Featuring former members of Manilla Road, Savage Grace, and many more, Sentry is an American / German band that demands your attention with 55 minutes of colossal metal. As one would expect from ex-Manilla Road members, Sentry drifts towards the darker side of traditional heavy metal, providing both a Gothic nature and an ominous starkness.

The album features a mix of long and short songs but every one of the nine tracks, including a cover of the Candlemass song ‘Incarnation Of Evil’, is worth its weight in gold as the quartet rumbles like distant thunder due to the earthquake drums of Andreas “Neudi” Neuderth, the thunderous bass of Phil Ross and the juggernaut riffs of Abandoned / Jamieson Raid axeman Kalli Coldsmith. Vocalist Bryan Patrick fits the Manilla Road script with his booming growls, and while Sentry simply wouldn’t exist without the late Mark Shelton’s seminal band, this is clearly a continuation that brings many rewards.

Songs like ‘Raven’s Night’ sizzle like old, rainy New Wave Of British Heavy Metal but tinged with traditional doom. ‘Black Candles’ is Sentry at their blackest as Patrick’s tone lowers in the shadowy depths to a backdrop of stormy trudging.
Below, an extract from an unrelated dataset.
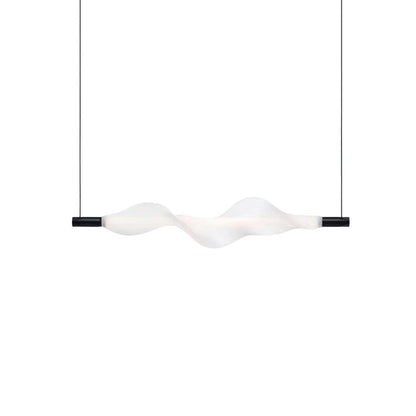 Vapour Pendant Light Horizontal L 38.6″ x H 7.1″ / L 98cm x H 18cm / White & Black / Warm Light Pendant light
The massive bass and drum on ‘Heavensent’ rumbles starkly like a slithering skeletal serpent. ‘The Haunting’ conjures Candlemass and Pentagram whille bridging the gap with a trad metal gloom.

As a record this is just a gargantuan slab shrouded by the ghost of Manilla Road even with galloping threads within ‘Valkyries (Rise The Hammers)’. How the combo stirs up such sinister and spectral vapours is to be marvelled at, and nowhere are these talents more evident than on ‘Awakening’, arguably the eeriest cut on board, but anyone who likes monolithic metal caressed in doomy drapes then Sentry will provide that soundtrack.